Erlangとは
Erlang(アーラン)は、1986年にスウェーデンの通信機器メーカーであるエリクソン社によって、通信制御ソフトウェアのために開発されたプログラミング言語です。
Erlangは、もともとエリクソン社内のみで使われていた言語でしたが、1998年にオープンソースとして公開されました。オープンソース化により、商用も含めて自由な利用が認められました。
Erlangという名称は、デンマークの数学者アグナー・アーラン(Agner Erlang)の名前に由来します。また、エリクソン社の言語(ERicsson LANGuage)という意味も含んだダブル・ミーニングにもなっているそうです。
Erlangの特徴
Erlang には、以下の特徴があります。
- 様々な用途・目的に利用できる汎用的な言語
- 関数型プログラミング言語
- 並行処理をサポートしている
- 稼働中のシステムを停止することなくプログラムを修正できるため、 障害に強い
Erlangは、様々な用途・目的に利用できる汎用的な言語です。関数型プログラミング言語であり、関数を組み合わせて処理を記述します。
Erlangは、並行処理をサポートしています。複数のプロセスを生成して並行して実行できるため、複雑な処理も簡潔に記述することができます。また、稼働中のシステムを停止することなくプログラムを修正できるため、 障害に強いという利点が得られます。
尚、Erlangには、オブジェクト指向プログラミングは採り入れられていません。
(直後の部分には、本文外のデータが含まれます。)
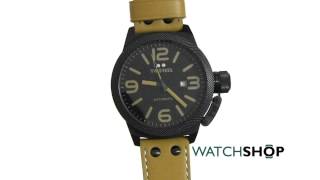 Mens TW Steel Canteen Automatic 50mm Watch TWA203 [upl. by Sihun]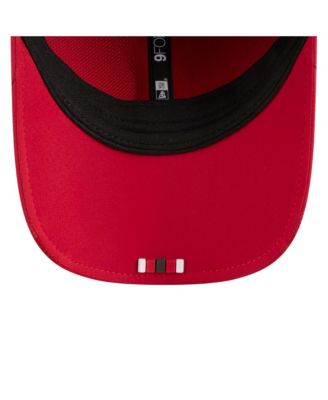 Big Boys and Girls Red Tampa Bay Buccaneers 2025 Sideline M-Crown 9FORTY Adjustable Hat
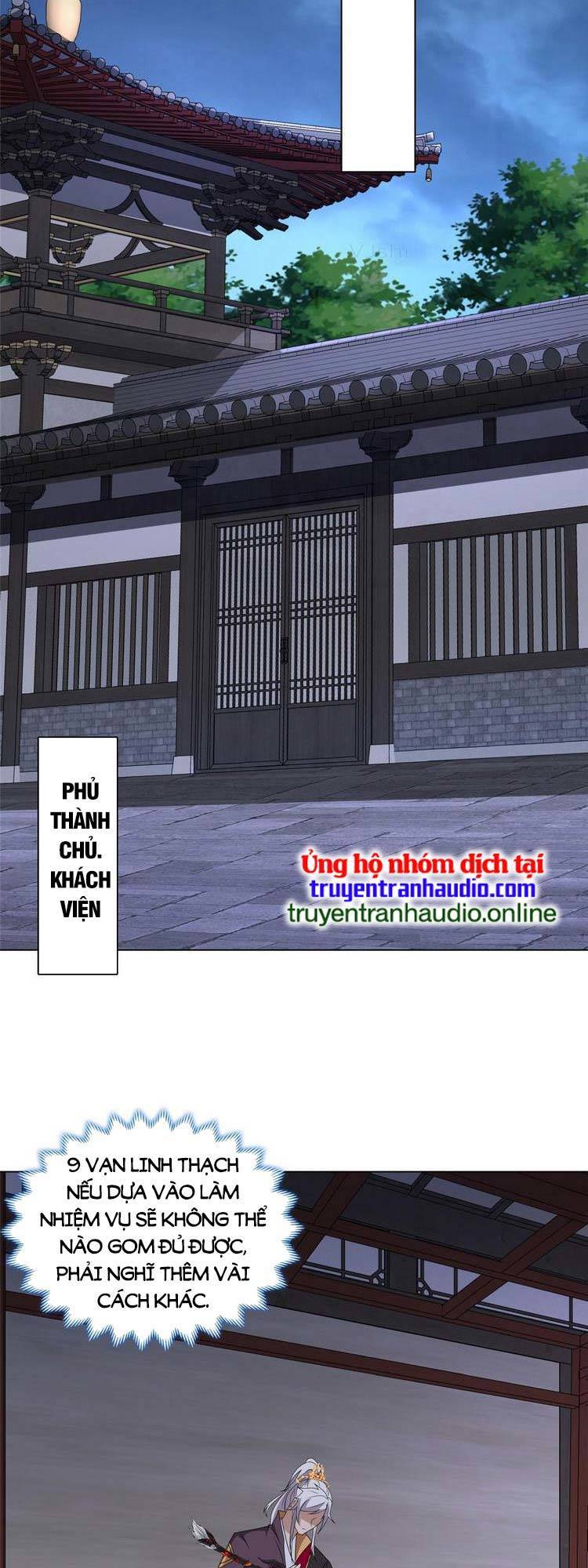 Truyện Tranh Ta Muốn An Tĩnh, Hệ Thống Lại Bắt Ta Tìm Chết trang 7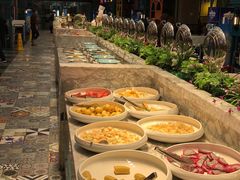 自助取餐区-火锅岛潮牌自助餐厅(天津天佑城店)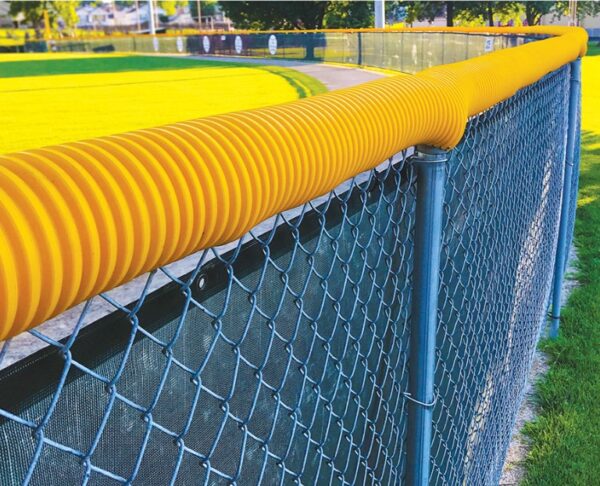 Fence Top Protection - 100 ft. Corrugated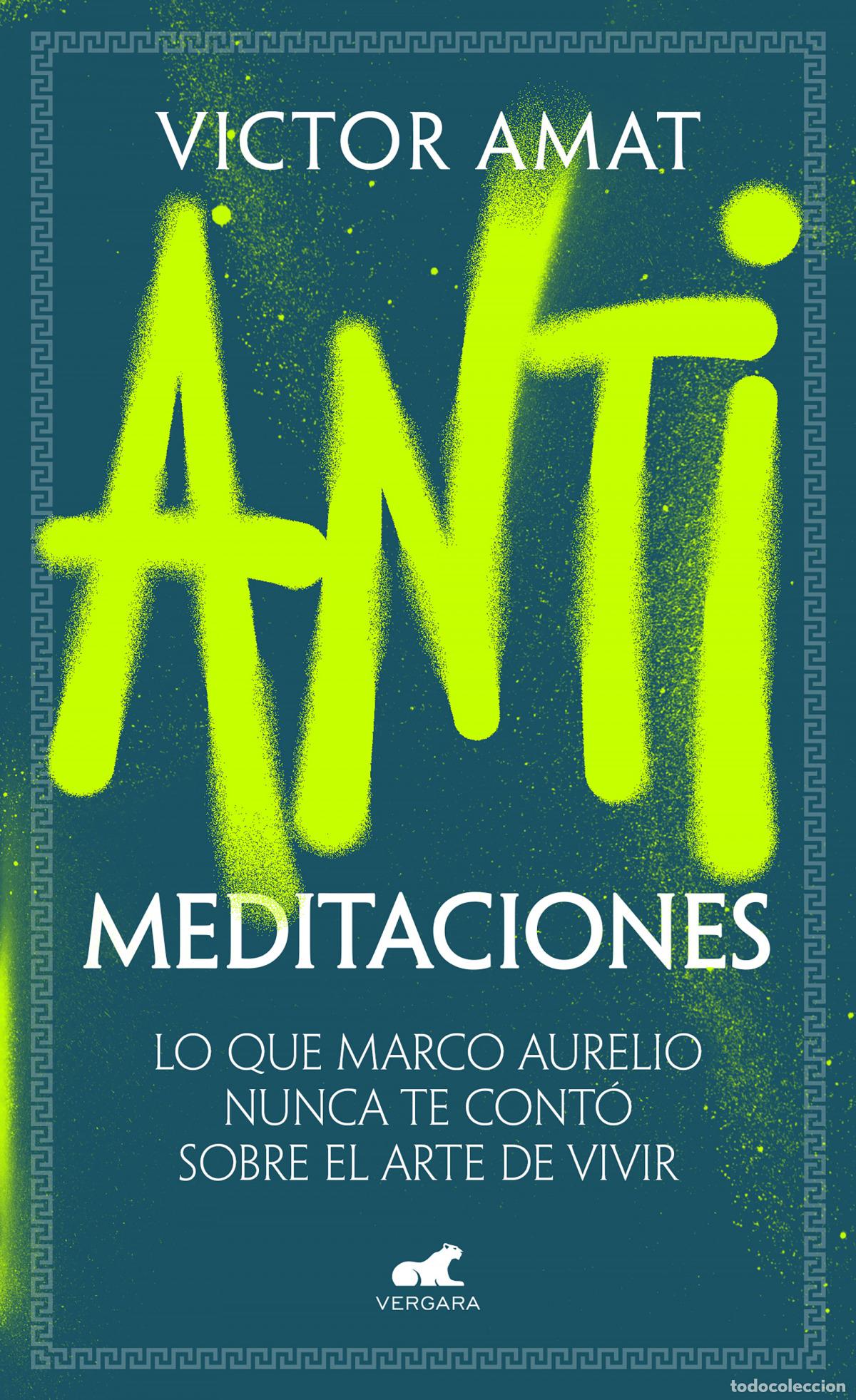 Libros: ANTIMEDITACIONES - Amat, Victor - Foto 1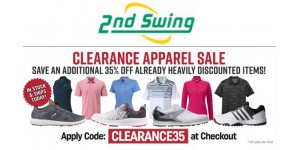 2nd Swing coupon code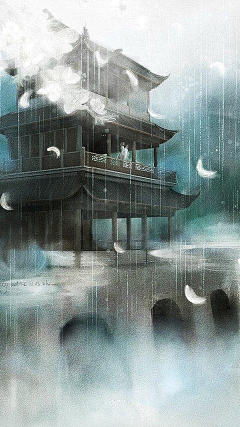 Kathy_旖旎采集到古风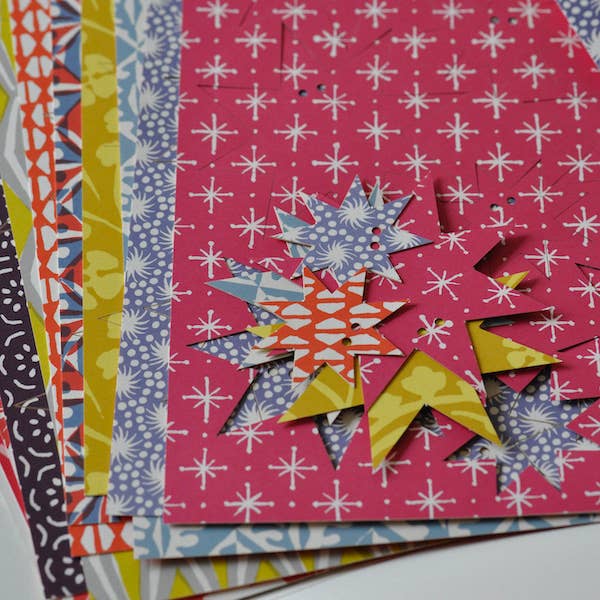Make A Star Paper Garland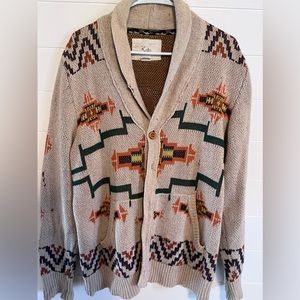 Koto cardigan size XL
Erlangを開発した中心的な人物ジョー・アームストロング氏によると、 オブジェクト指向には以下の問題点があるとのことです。
- データ構造と関数が一緒くたになってしまう
- なんでもかんでもオブジェクト扱いになってしまう
- データ型定義が一か所にまとまらず、あちこちに散らばってしまう
- オブジェクトの状態がプログラマから分からなくなってしまう
※ ジョー・アームストロング氏が書いた「Why OO Sucks(なぜオブジェクト指向はダメなのか)」より
http://www.cs.otago.ac.nz/staffpriv/ok/Joe-Hates-OO.htm
Erlangはこんな場面で使われている
Erlangは、もともとエリクソン社の通信制御ソフトウェアの開発に利用されていましたが、オープンソースとして一般公開されてからは、多くの企業が利用するようになりました。
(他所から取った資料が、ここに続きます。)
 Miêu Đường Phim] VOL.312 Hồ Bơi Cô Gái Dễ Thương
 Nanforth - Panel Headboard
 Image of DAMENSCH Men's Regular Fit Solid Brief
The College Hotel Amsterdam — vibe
有名な事例としては、AmazonのデータベースサービスEC2、 Facebookのチャットサービス、メッセンジャーアプリのWhatsApp、LINEの一部機能、などにErlangが利用されています。
Erlangを学ぶメリット
Erlangは、現在も開発が続けられています。最新バージョンは、2019年9月に公開されました。
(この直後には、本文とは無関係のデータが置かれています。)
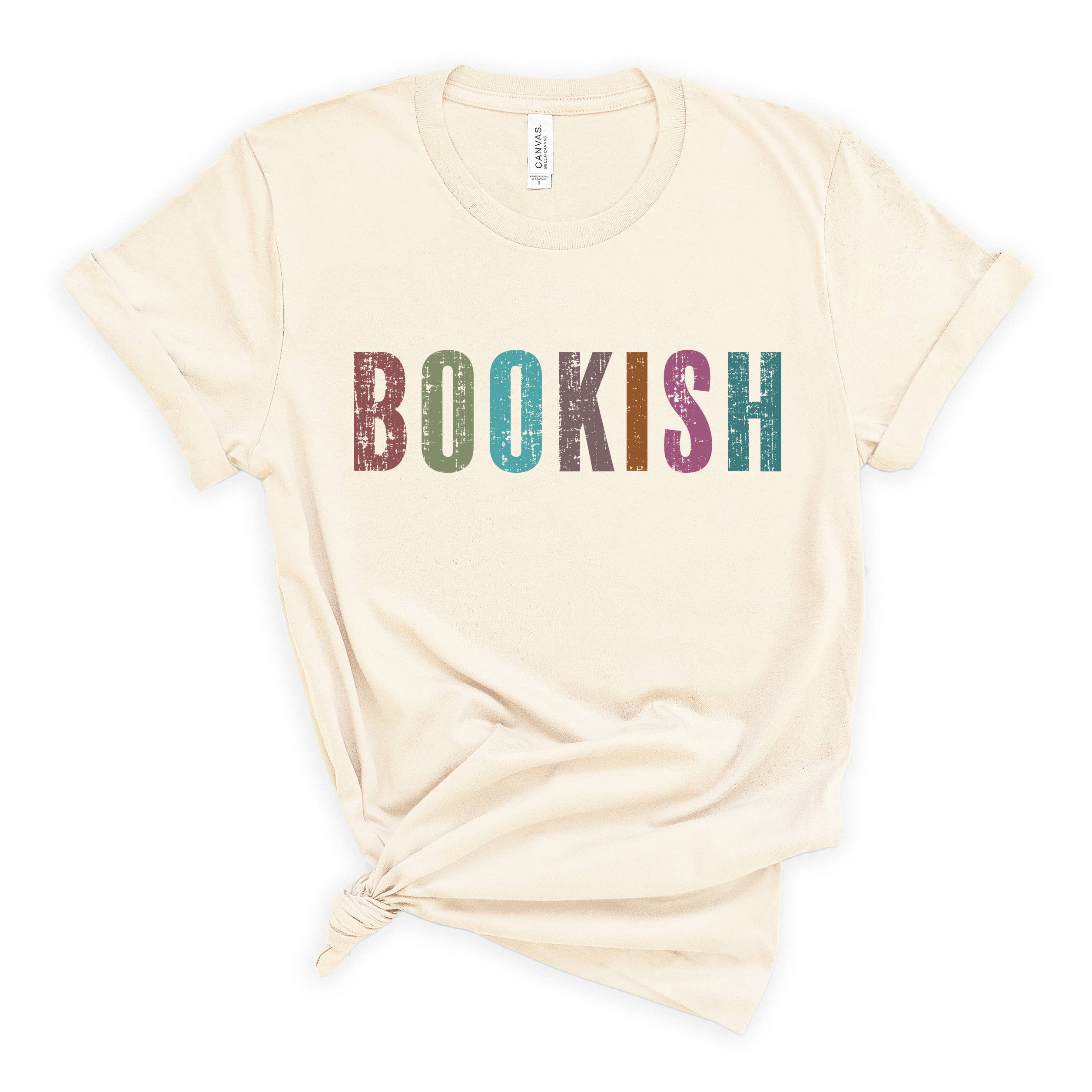 This Joyful Home - Wholesale T-Shirt (Graphic) - Women's - Colorful Bookish T-Shirt - book lover tee0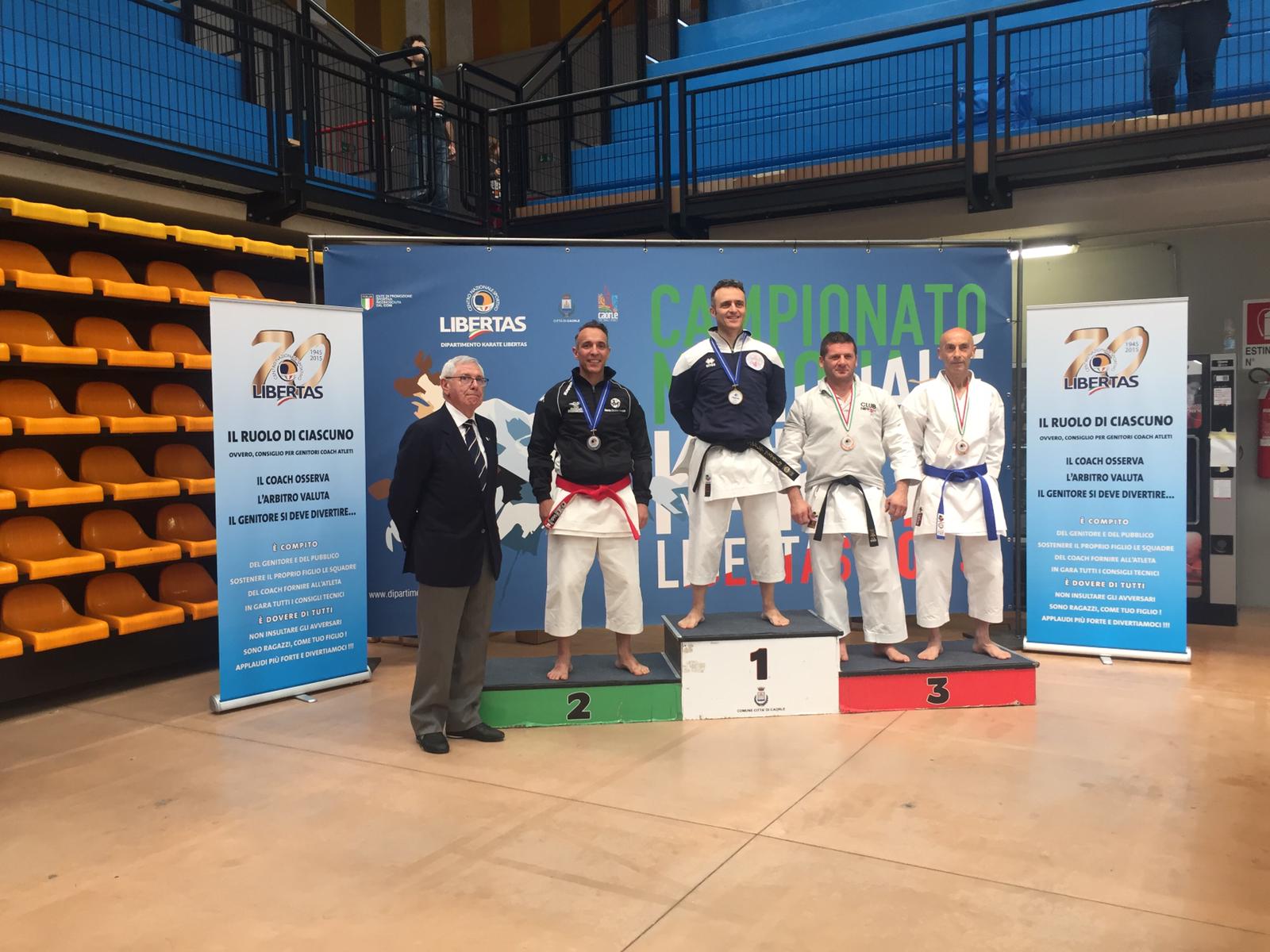 Caorle (Ve), 26 maggio 2019, Campionato Nazionale Libertas – Argento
有名企業もウェブサービスのバックエンドやアプリの一部機能などで、Erlangを利用しています。Erlangを学び経験を積むことで、エンジニアとして有利な就職・転職につながる可能性があります。
例えば、LINEのエンジニア募集ページにも「 Java/C、C++/Scala/Erlang中に一つ以上の言語の経験 」が必須スキルとして挙げられています。高度な職場を望むなら、学ぶメリットの大きいプログラミング言語のひとつと言えるでしょう。